Legume cover crops are planted in the vineyards annually, generally in alternate rows, as well as clover and grasses, which are planted in some blocks and mown periodically. These processes usually begin with the opening rains in April or May.

The purposes of these various processes are threefold:

  • to add nitrogen to the soil and also to serve as a natural and organic way to help prevent the growth of any weeds
  • cover crops also act as a natural mulch, which helps to add organic material to the soil, promoting worm and microbe activity and in the summer helping moisture retention
  • gypsum and fowl manure is applied every third year to the majority of the vineyard, though by regular standards, very little fertilizer is applied at all. All of d’Arenberg vines are planted on their own rootstock.

an old vineyard vine

Organic and Biodynamic Certification

All d’Arenberg estate and leased vineyards are NASAA Certified for organic and biodynamic processes. This natural and environmentally friendly philosophy encourages strong root systems that penetrate the soil, resulting in lively tannin structures, soil characters and fine minerality. These practices also ensure that yields are kept low with concentrated flavors and excellent natural acidity.
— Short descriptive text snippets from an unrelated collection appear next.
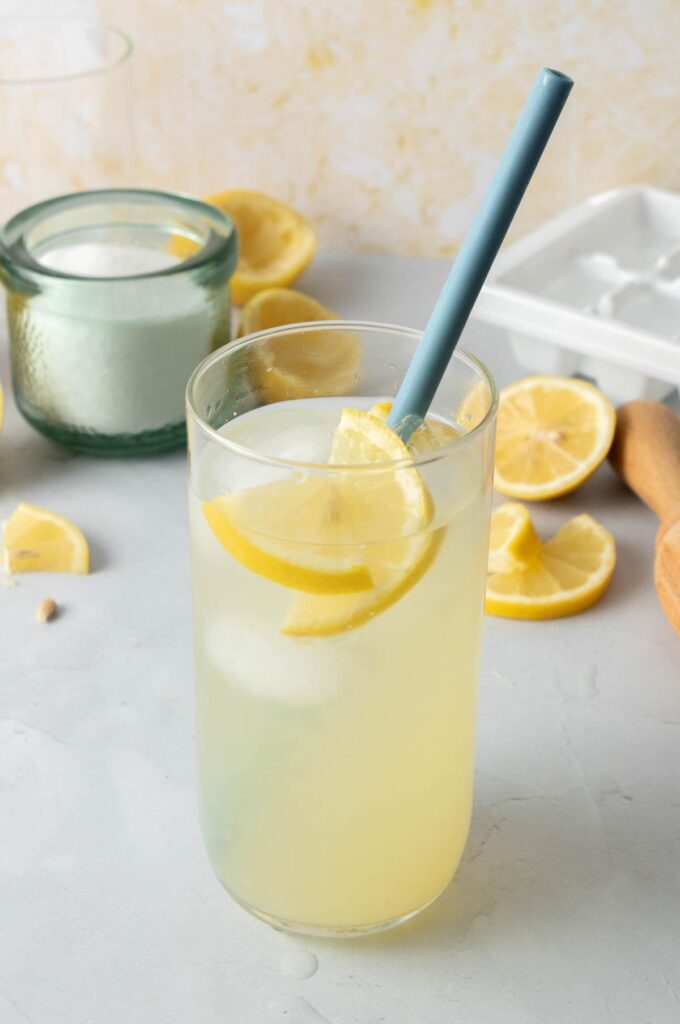 glass with blue straw, lemon slices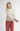Front view of model wearing Irisha oatmeal diamond pointelle sweater with red pants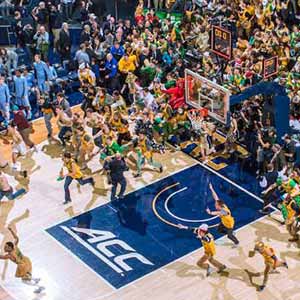 Feb 6, 2016; Students storm the court following the upset win over North Carolina. Notre Dame won 80-76. Photo by Matt Cashore)
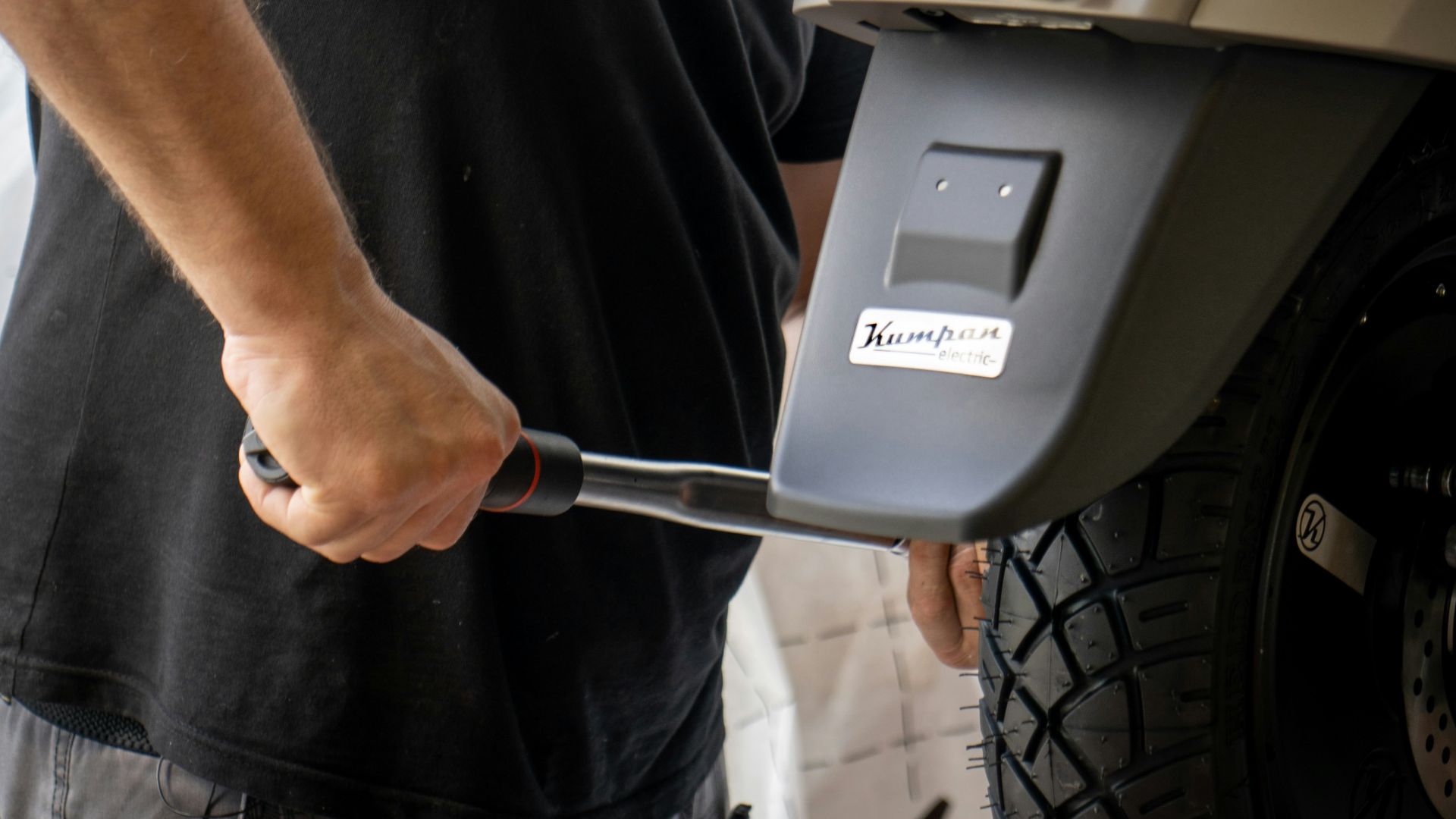 man in black crew neck t-shirt holding black and silver hand tool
Vintage at d’Arenberg usually begins in late February or early March and ends very late in April/early May, with botrytis- affected fruit for the renowned Noble Riesling coming in during June.

A combination of hand and mechanical harvesting is utilized. Mechanical harvesting helps ensure, especially for the white varieties, that the grapes arrive into the cellars cool, so their more delicate flavors are protected and indeed enhanced, while the risk of oxidation is minimized.